Would you print only the lines running from the one with "Visa / Mastercard" to the final line of the data below, word for word and without pictures?
Start of Block
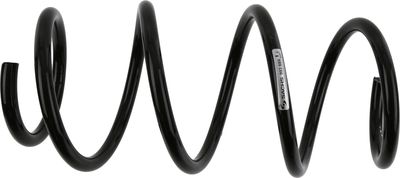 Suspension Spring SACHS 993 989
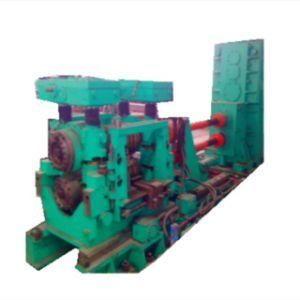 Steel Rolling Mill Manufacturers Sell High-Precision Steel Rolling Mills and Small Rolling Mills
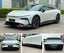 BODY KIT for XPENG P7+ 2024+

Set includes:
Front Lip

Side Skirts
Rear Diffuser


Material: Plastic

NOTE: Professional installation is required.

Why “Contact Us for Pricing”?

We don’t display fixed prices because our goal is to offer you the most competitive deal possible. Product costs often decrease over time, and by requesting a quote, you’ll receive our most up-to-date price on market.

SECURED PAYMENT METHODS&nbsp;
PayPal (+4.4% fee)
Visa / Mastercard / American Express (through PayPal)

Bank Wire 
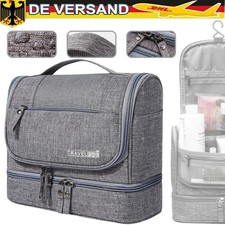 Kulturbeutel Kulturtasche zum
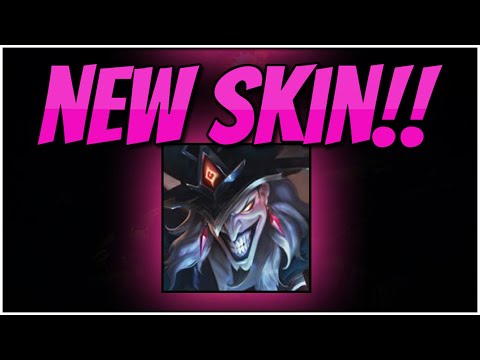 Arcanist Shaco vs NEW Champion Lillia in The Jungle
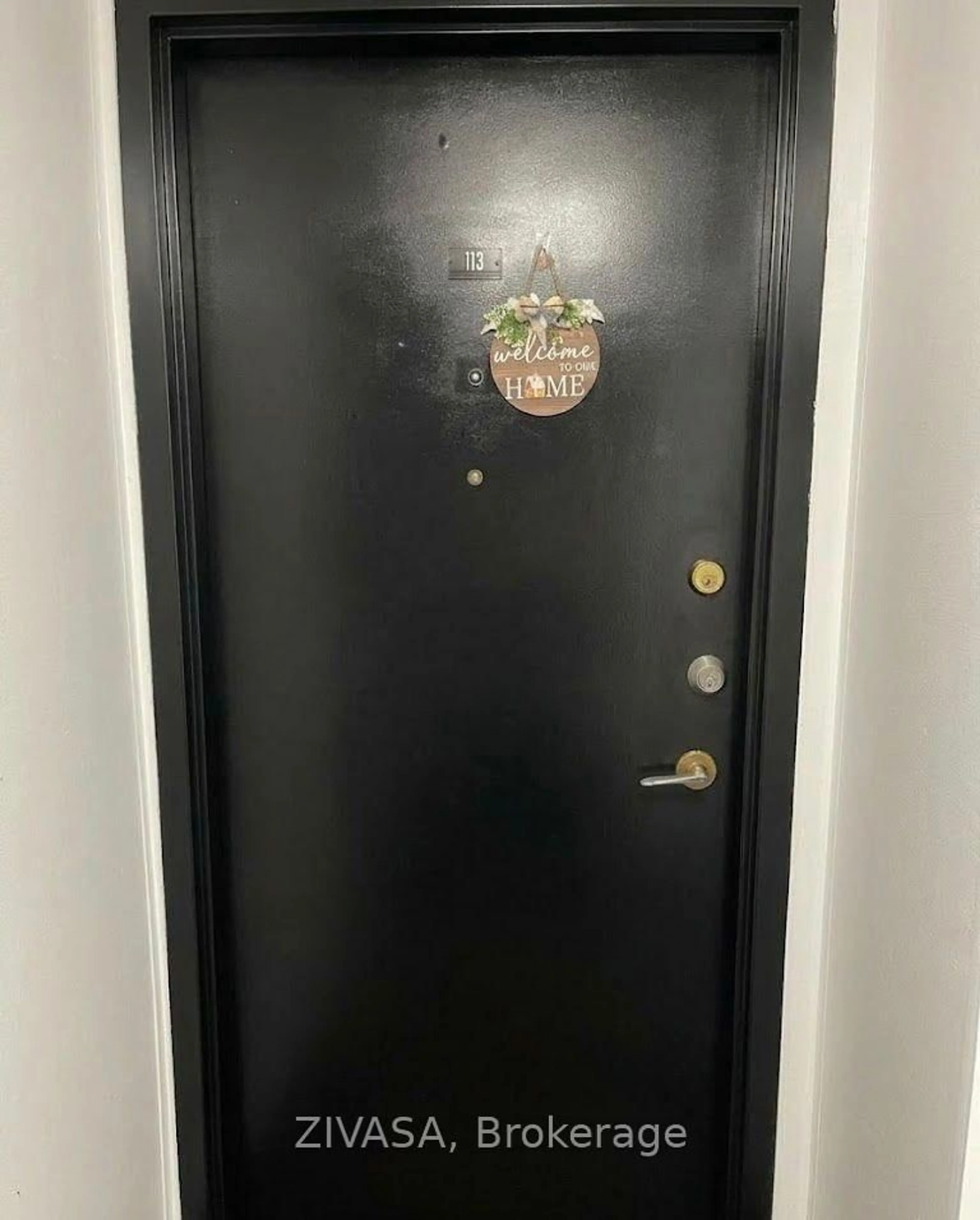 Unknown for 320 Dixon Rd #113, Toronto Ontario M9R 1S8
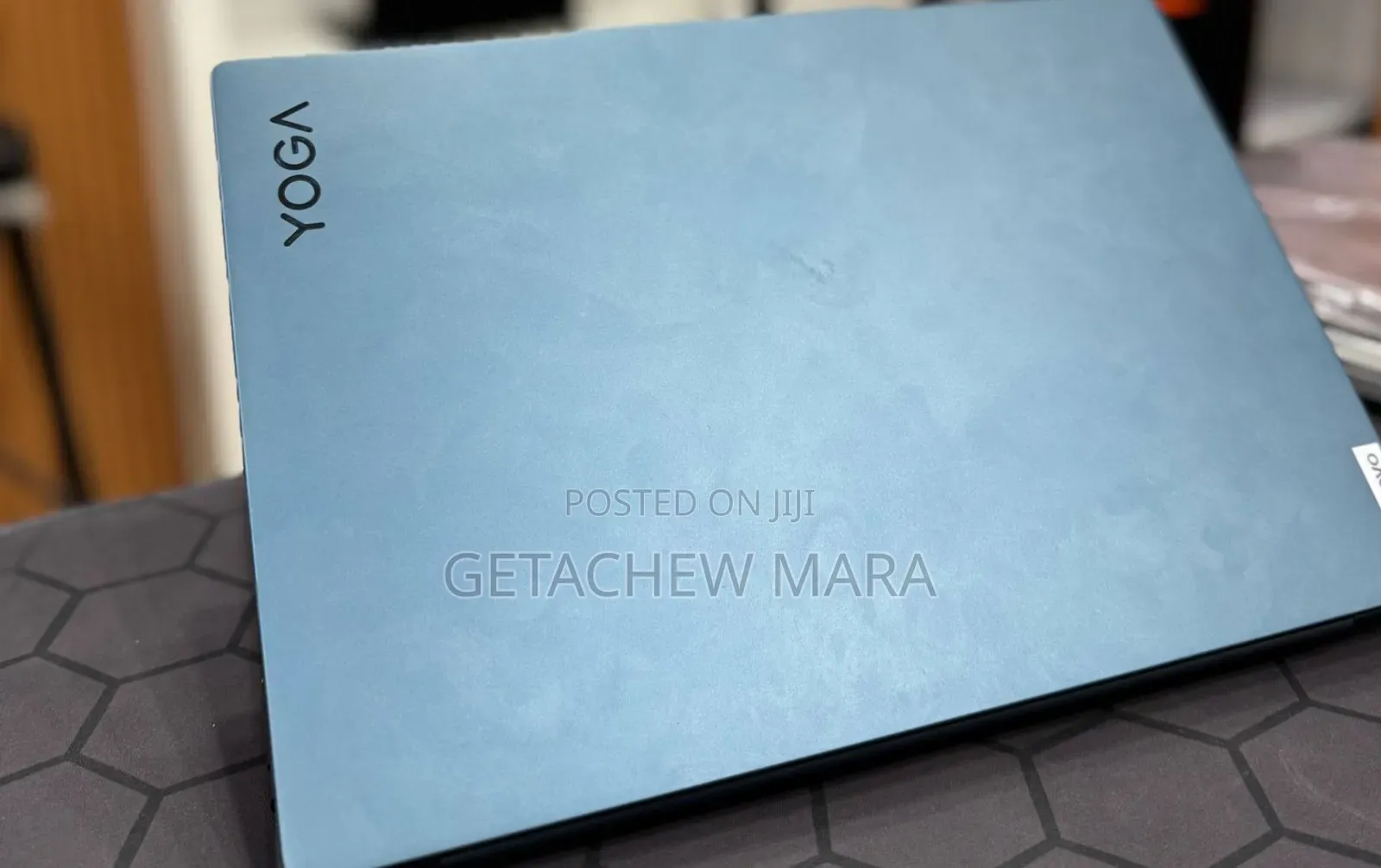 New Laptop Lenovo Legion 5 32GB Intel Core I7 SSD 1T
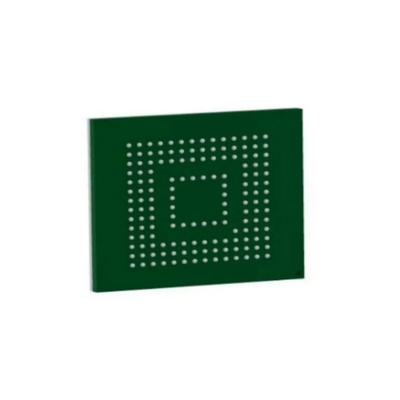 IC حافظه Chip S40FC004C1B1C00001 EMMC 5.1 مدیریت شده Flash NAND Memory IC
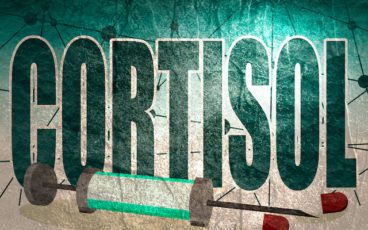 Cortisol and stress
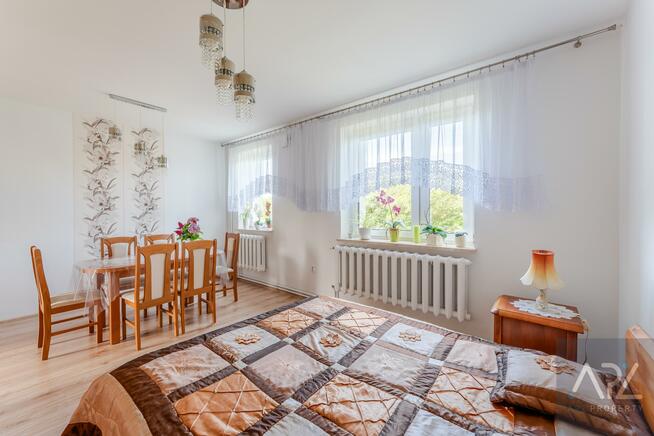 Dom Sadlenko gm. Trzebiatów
End of Block
* **Task answer**
Visa / Mastercard / American Express (through PayPal)

Bank Wire 
 Kulturbeutel Kulturtasche zum
 Arcanist Shaco vs NEW Champion Lillia in The Jungle
 Unknown for 320 Dixon Rd #113, Toronto Ontario M9R 1S8
 New Laptop Lenovo Legion 5 32GB Intel Core I7 SSD 1T
 IC حافظه Chip S40FC004C1B1C00001 EMMC 5.1 مدیریت شده Flash NAND Memory IC
 Cortisol and stress
 Dom Sadlenko gm. Trzebiatów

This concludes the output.